Used 3/8 and 3/4 Rat'l Rap rapala. Silver Blue. Catfish dig'em! 


























Makes 4 cats I've caught on crank bait in the past 2 weeks! 
Made for a great evening, paddling the Ohio River Downtown Cincinnati! 
LMJeff


----------



## tom_912 (Aug 16, 2006)

Nice cats bet they were fun to catch!


----------



## LittleMiamiJeff (Oct 1, 2005)

Yeah Tom, they were fun, especially from the yak. Still didn't get much of a "ride" from them, but made the time on the water more than worth it!
LMJeff


----------



## truck (Apr 12, 2004)

congrats on the fish Jeff


----------



## Rooster (Apr 8, 2004)

Nice!

I'm looking into some maker lights for the kayak. I want to drift the Ohio for BIG cats at night.


----------



## LittleMiamiJeff (Oct 1, 2005)

Thanks Truck, and Rooster, I'm with you, I use a rechargeable light bar, but it's only 180 degree, and need full 360 to be legal, let alone safe.
Even with the lights, it's pretty crowded on the riverfront, and the wakes get pretty confused, just as I got turned to face the primary, the secondary would sneak up beside me! After dark the wakes should chill a little.
Not much summer left, but a late nighter either drifting EF for wipers, or the OR for big cats, would be a great way to cap off the summer season.
BTW, I begged off the car show tomorrow, looks like rain 
Will either be at Meldahl w/Creekwalker, or possibly early am at EF try for wipers at the beach again, lot's of jumpin' last weekend, no bites.
LMJeff


----------



## WISH IT WAS YOU (Jul 25, 2006)

nice cat i have cought cats on rappaly trail dances silver still nice looken cat


----------



## WB185Ranger (May 18, 2006)

Hey "Yak-Man"   thats some good fishing!! WB


----------



## LittleMiamiJeff (Oct 1, 2005)

Thanks, check out our float on the LMR this morning, caught a few smallies and sauger, first time out w/BMcGill, great guy!
LMJeff


----------



## Ken G (Apr 9, 2004)

I had my kayak on the Ohio River Wednesday morning with lesser results than you had but then I was only using bait. I anchored for a while in front of Hooter's, at least the view was nice. It puts a new perspective on the color orange when viewed from river level. I was anchored there when I ran into nlcatfish, or more accurately, he ran into me.

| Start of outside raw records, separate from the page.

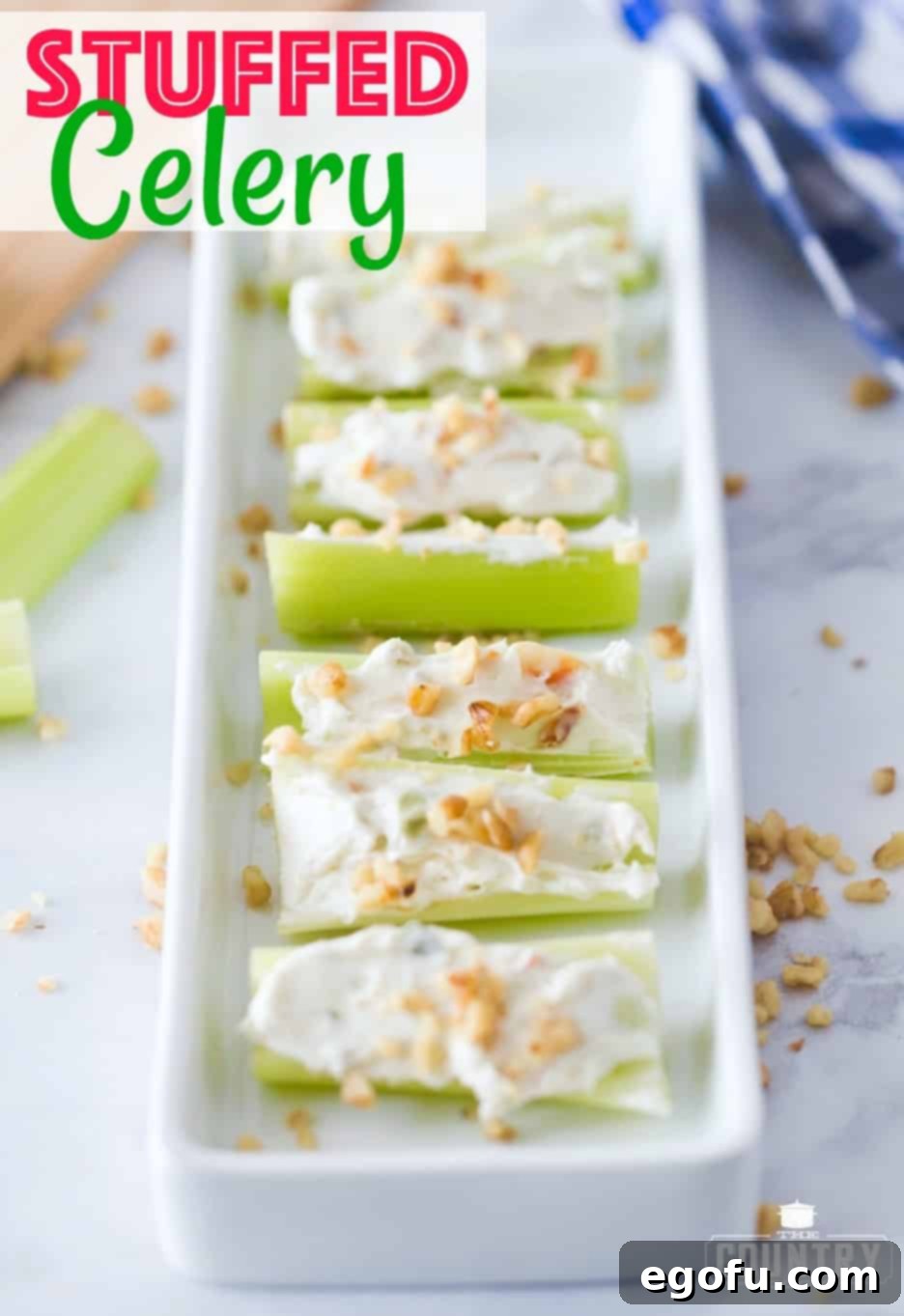 Stuffed Celery recipe displayed on a white platter. Crispy celery filled with creamy cheese mixture, ready to serve.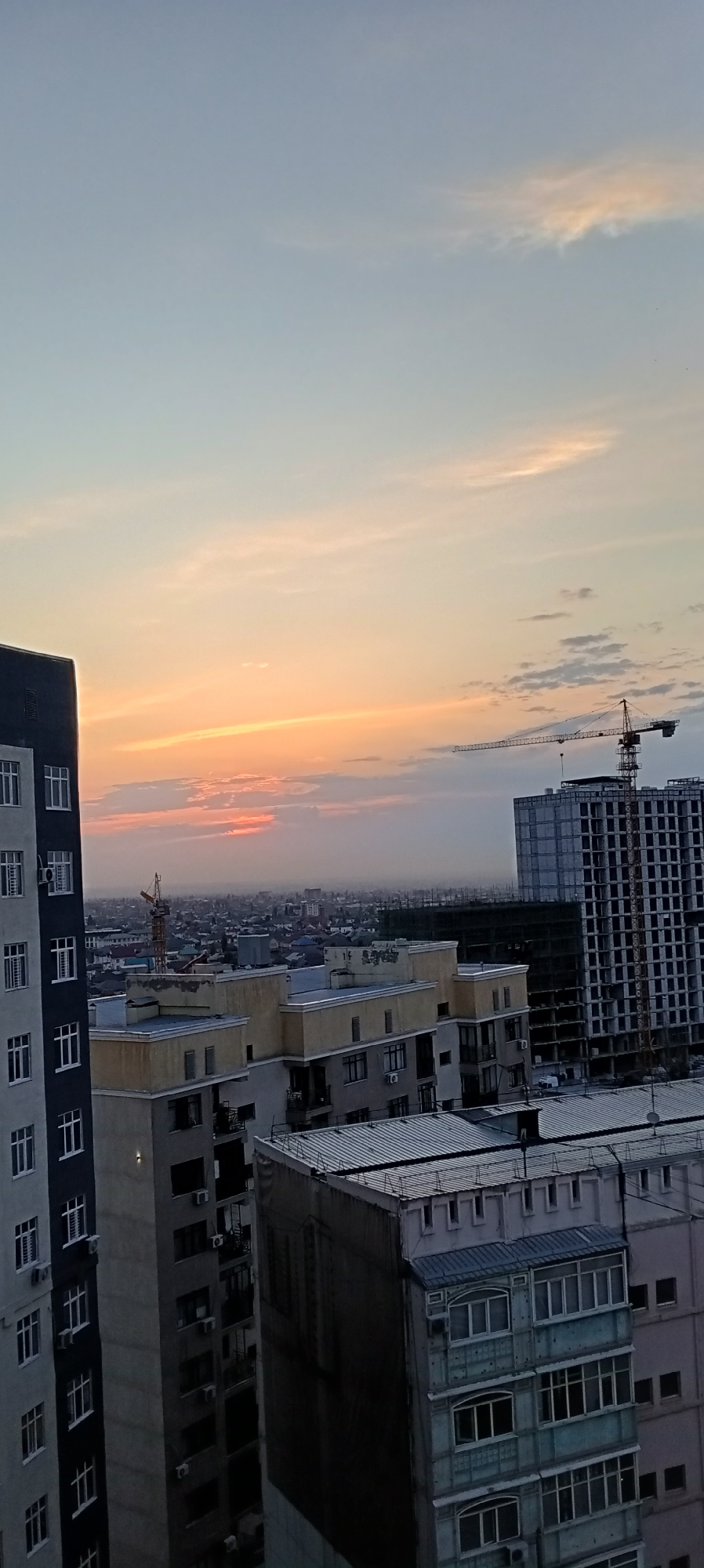 The image depicts a cityscape at sunset, likely in Bishkek City, Kyrgyzstan, given the architectural style and distant view of buildings and low-rise structures. The sky is a gradient of pale blue at the top, transitioning to soft orange and pink hues near the horizon, indicating the setting sun. Wispy clouds are scattered across the sky.
Dominating the foreground and midground are several multi-story buildings, indicative of an urban environment. The building on the far left is tall and narrow, with a dark grey facade and numerous windows arranged vertically. Adjacent to it are other apartment buildings, varying in height and architectural style, some with lighter colored facades and balconies. One building appears to be under construction, with a concrete frame and scaffolding visible.
In the midground, a construction crane is prominently positioned, its boom extended horizontally across the frame. Further in the distance, a dense collection of lower-rise buildings, characteristic of residential areas, stretches towards the horizon. The overall impression is of a developed urban area with ongoing construction. No people are visible in the frame. The lighting suggests it is either early morning or late evening.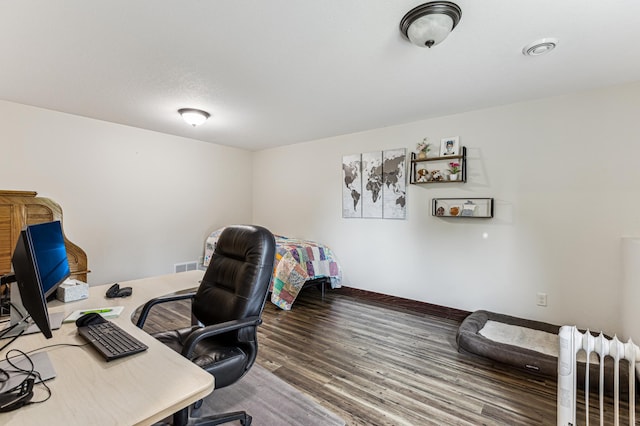 10798 Quiner Ave NW, Southside Twp, MN 55382 - office with radiator, wood finished floors, and baseboards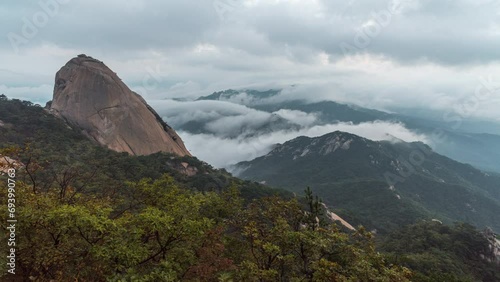 Time Lapse 4k, morning mist cover seoul during sunrise View of the top of Bukhansan Mountain, South Korea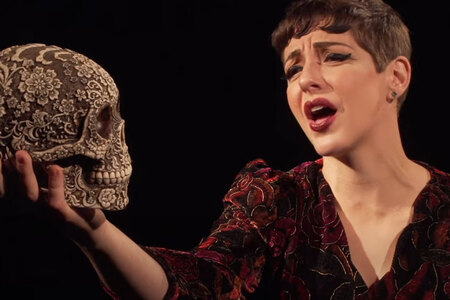 Steffi D. holds a replica of a skull in her right hand. She is singing.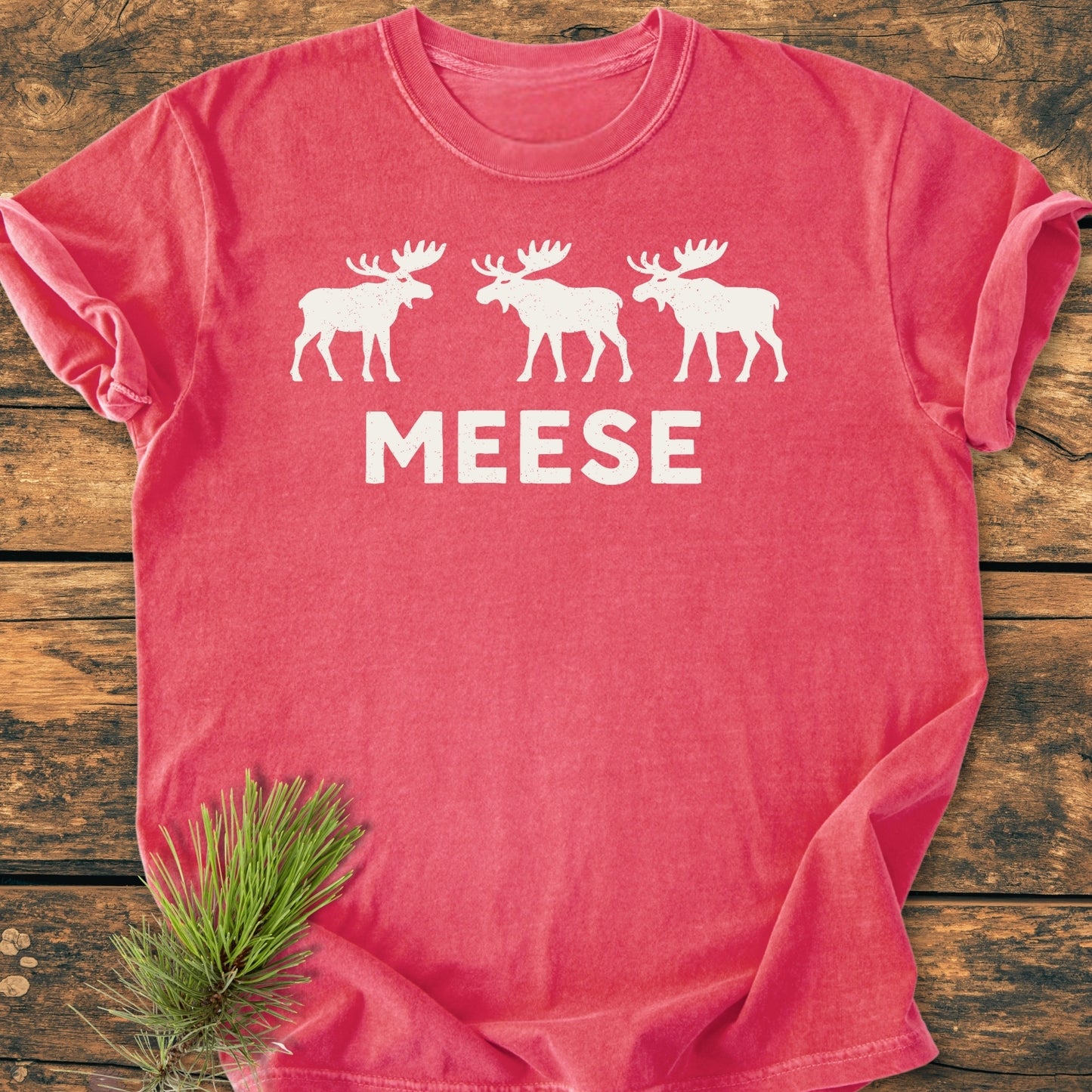 Red Meese Vintage Wash Tee with three white moose silhouettes, laid on wood. Ideal for moose enthusiasts and pun lovers, offering a relaxed fit and vintage feel.
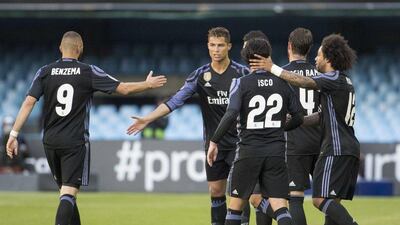 Cristiano Ronaldo is congratulated by teammates after scoring his first and Real Madrid's first goal in the 4-1 win over Celta Vigo on Wednesday night. Lalo R Villar / AP Photo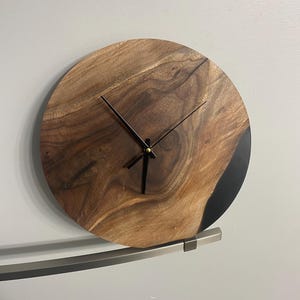 Puede incluir: Un reloj de pared redondo de madera con manecillas negras y un borde de resina epoxi negra. El reloj est&aacute; montado en un soporte de metal plateado.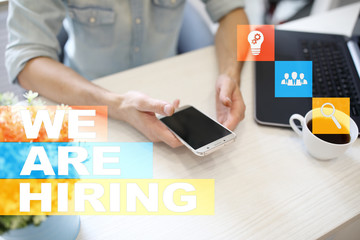 We are hiring text on virtual screen. Recruitment. HR. Human resources management. Business concept.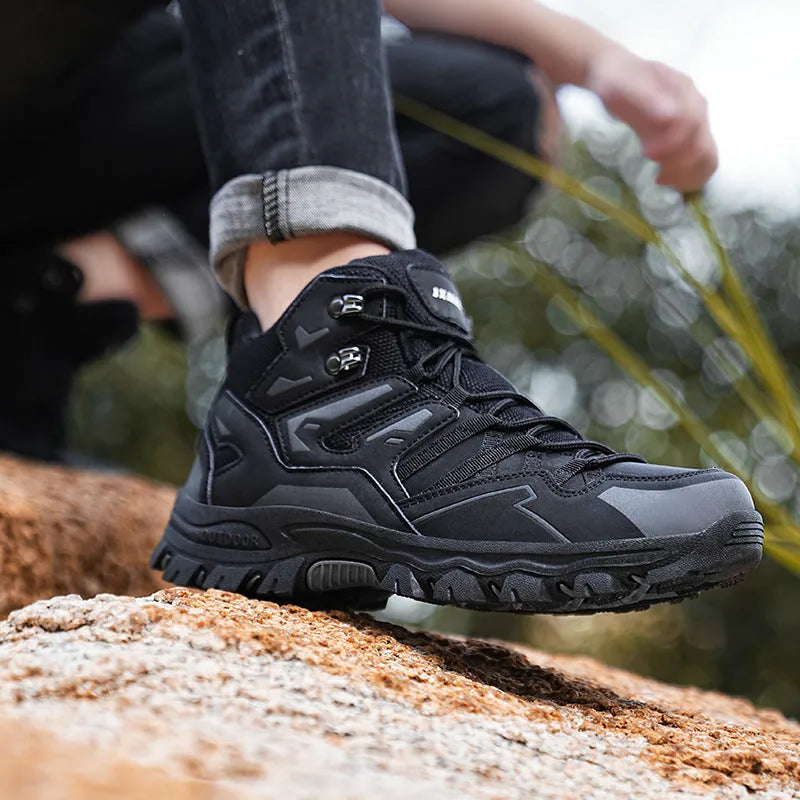 Flannel upper hiking sneakers with rubber soles in light brown colour on a rocky path.
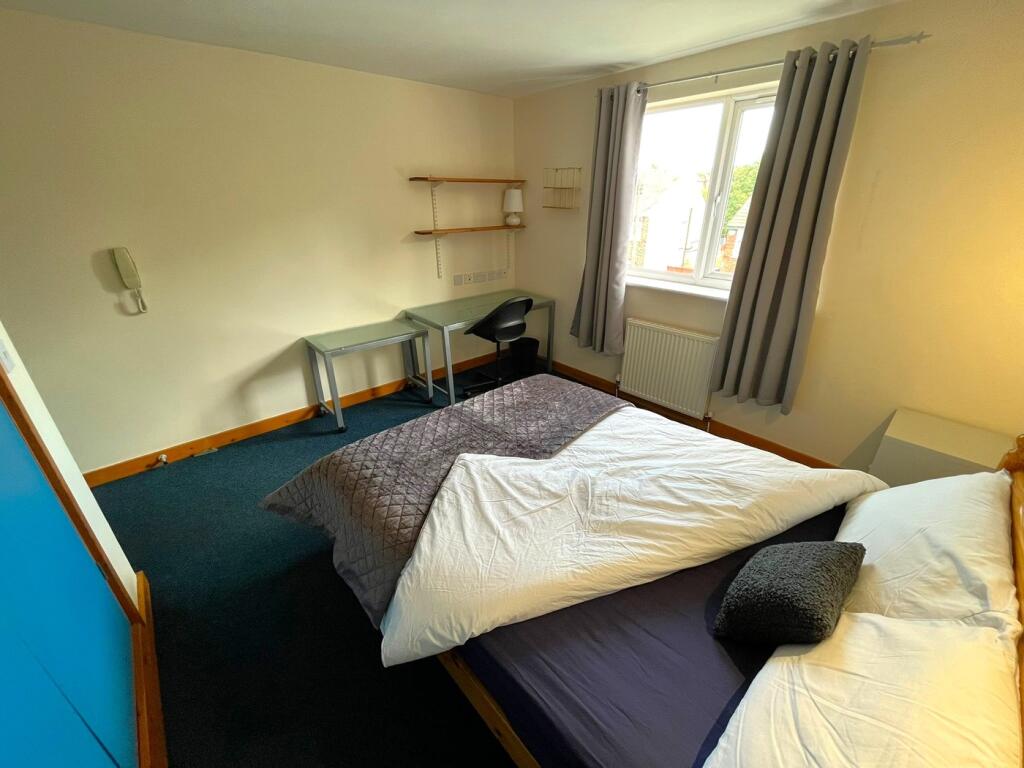 A spacious and well-lit double bedroom featurin...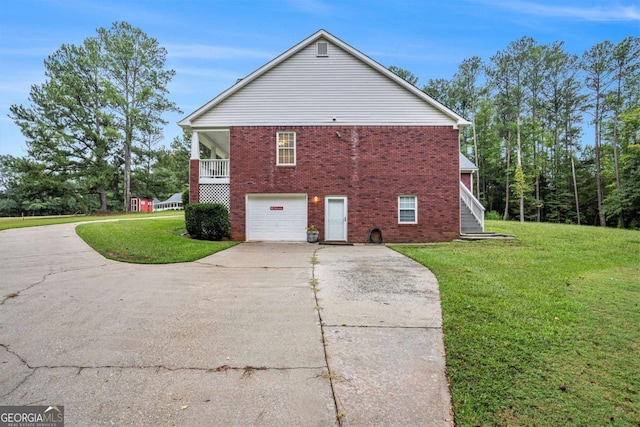 view of property exterior with a yard and a garage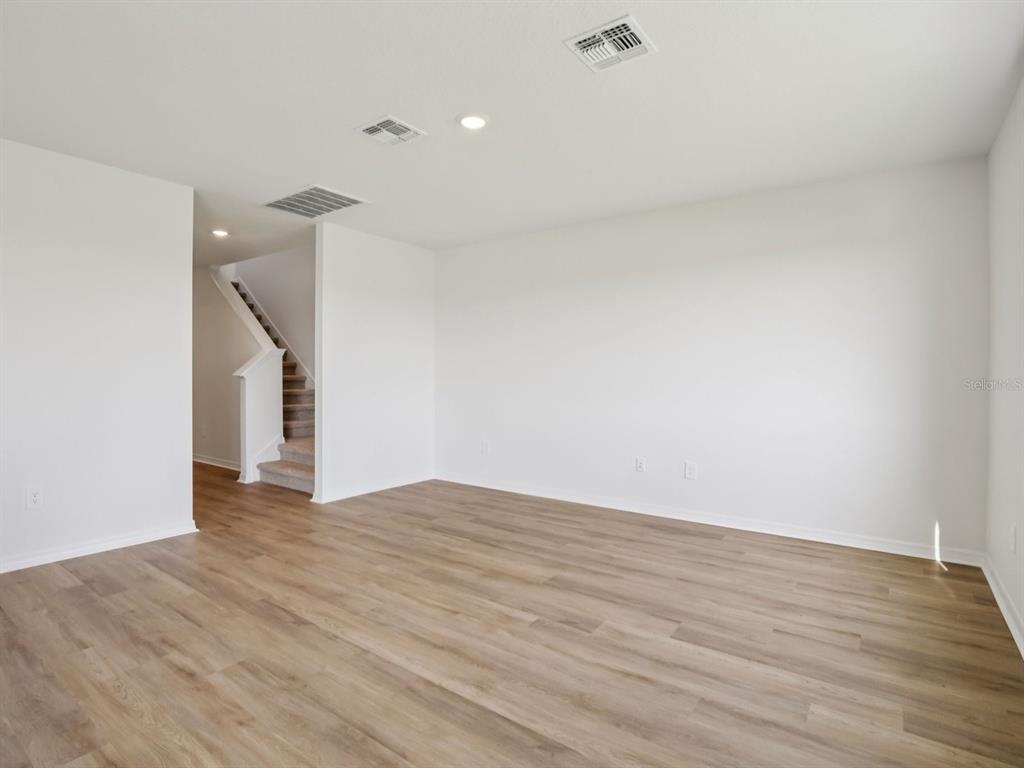 An empty room with light wood-look flooring, white walls, and a staircase in the background — 11316 BELLEWOOD TERRACE, PARRISH, FL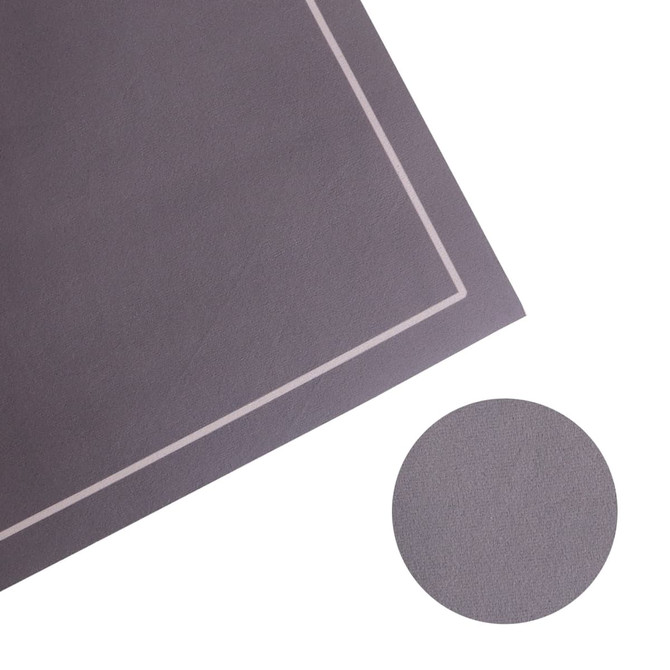 A grey diatomite floor mat featuring a subtle border design and a circular inset showing the texture.
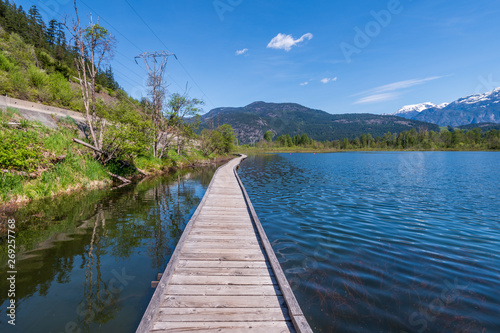 View at Wooden Trail in Park and Lake. Vancouver, Canada. © karamysh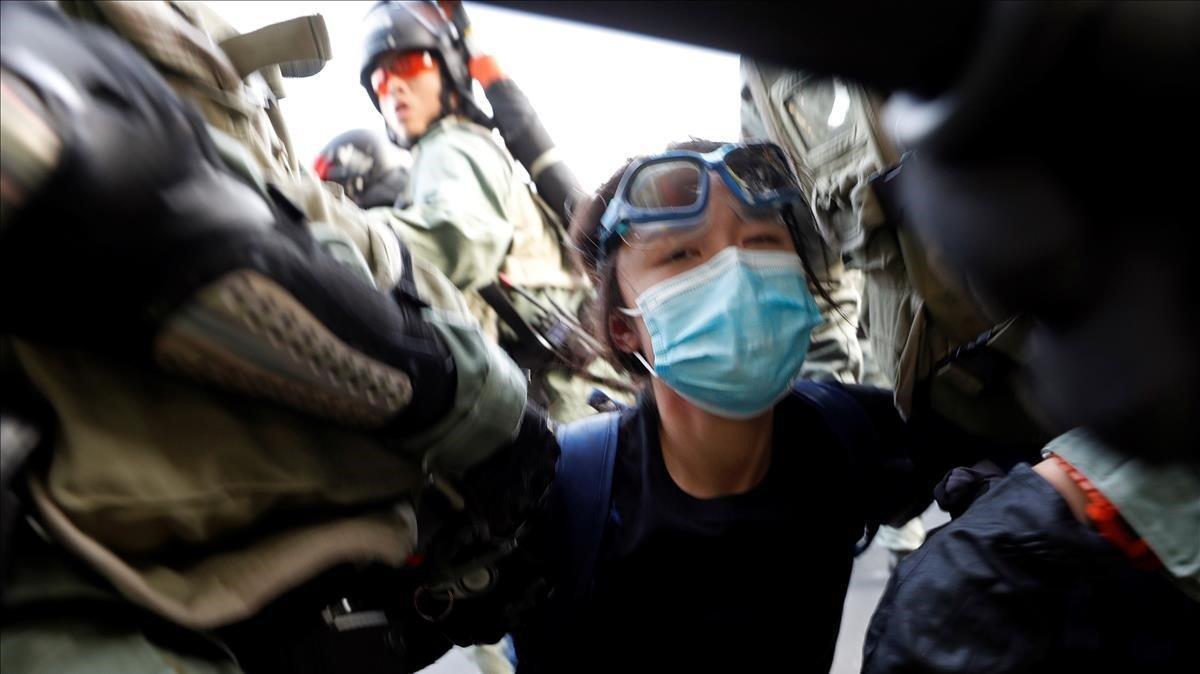 zentauroepp49990430 police officers detain an anti government protester in sha t190922181834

I'm off Tuesday and Wednesday and may go down again if anyone wants to tag along.


----------



## LittleMiamiJeff (Oct 1, 2005)

And you thought orange was for Bengals! 
I was surprised by the crank bait action, the channels really go after them!
It would be great to be out Tue or Wed., hope you have success!
LMJeff


----------



## catfisherbrad (Mar 9, 2006)

nice, where do you fish at , right by the bridge?


----------



## LittleMiamiJeff (Oct 1, 2005)

Brad, if you look at first photo, I'm at the icebreakers under the Purple People bridge, the climbers were cheering me on as I landing these bruins! 
(they weren't THAT big!)
LMJeff


----------